EXERCISE OBJECTIVE -> Could you transcribe each record below exactly as written, setting the pictures aside?
Segment Open
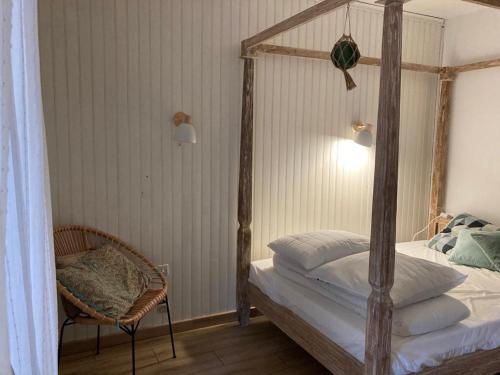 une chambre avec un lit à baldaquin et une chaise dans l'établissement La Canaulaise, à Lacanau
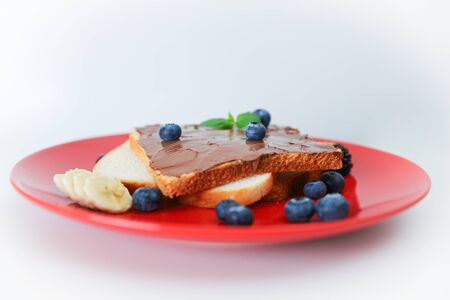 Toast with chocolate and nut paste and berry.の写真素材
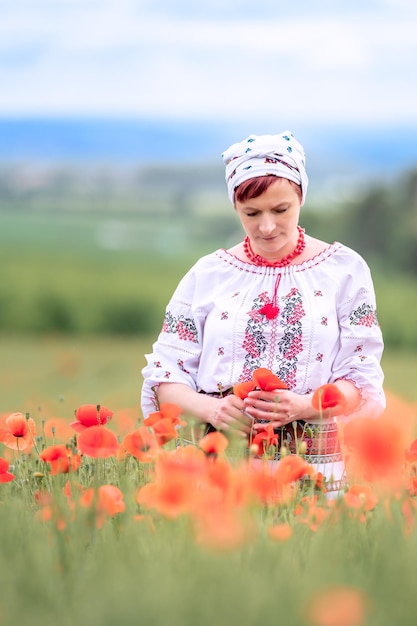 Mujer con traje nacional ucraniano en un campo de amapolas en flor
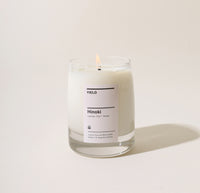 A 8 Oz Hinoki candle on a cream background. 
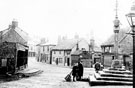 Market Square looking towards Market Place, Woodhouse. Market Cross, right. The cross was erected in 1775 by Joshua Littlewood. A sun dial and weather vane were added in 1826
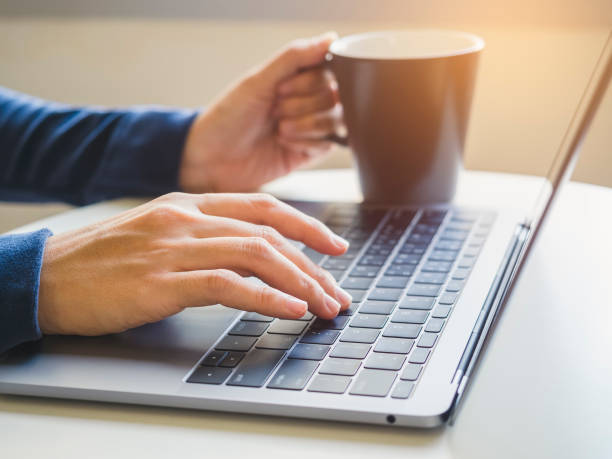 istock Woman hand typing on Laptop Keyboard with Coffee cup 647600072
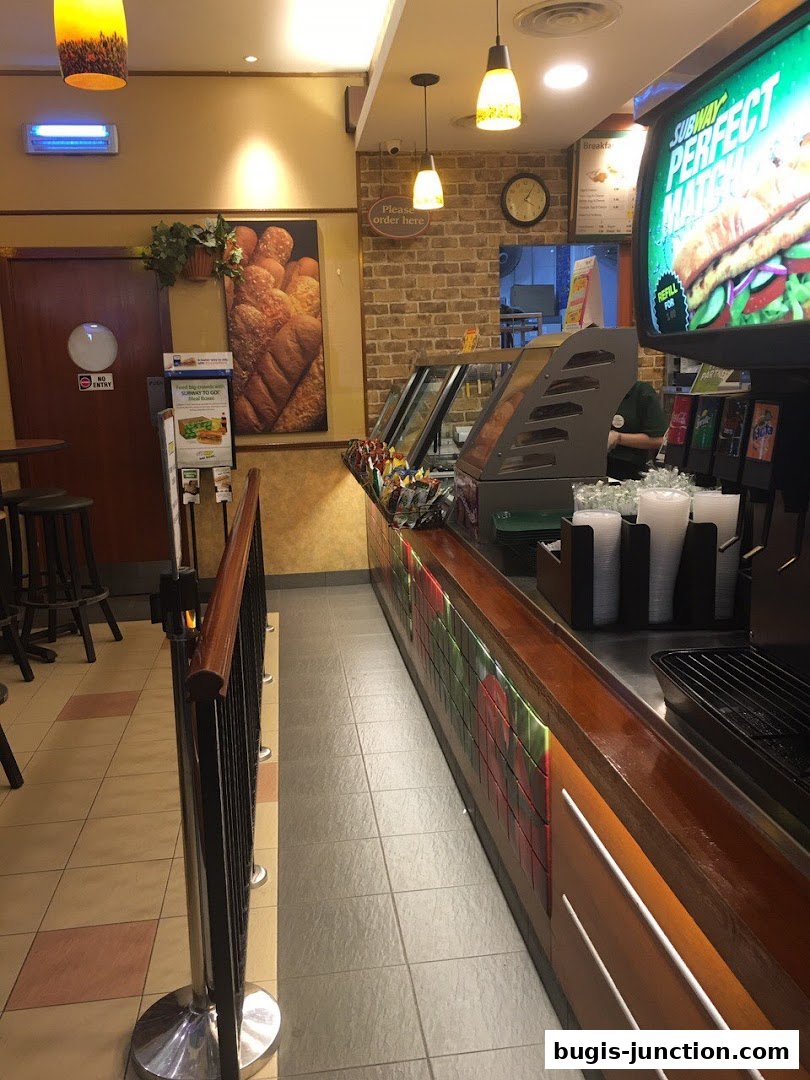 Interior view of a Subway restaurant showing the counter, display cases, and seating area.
Segment Closed
RESULT ->
 une chambre avec un lit à baldaquin et une chaise dans l'établissement La Canaulaise, à Lacanau
 Toast with chocolate and nut paste and berry.の写真素材
 Mujer con traje nacional ucraniano en un campo de amapolas en flor
 A 8 Oz Hinoki candle on a cream background. 
 Market Square looking towards Market Place, Woodhouse. Market Cross, right. The cross was erected in 1775 by Joshua Littlewood. A sun dial and weather vane were added in 1826
 istock Woman hand typing on Laptop Keyboard with Coffee cup 647600072
 Interior view of a Subway restaurant showing the counter, display cases, and seating area.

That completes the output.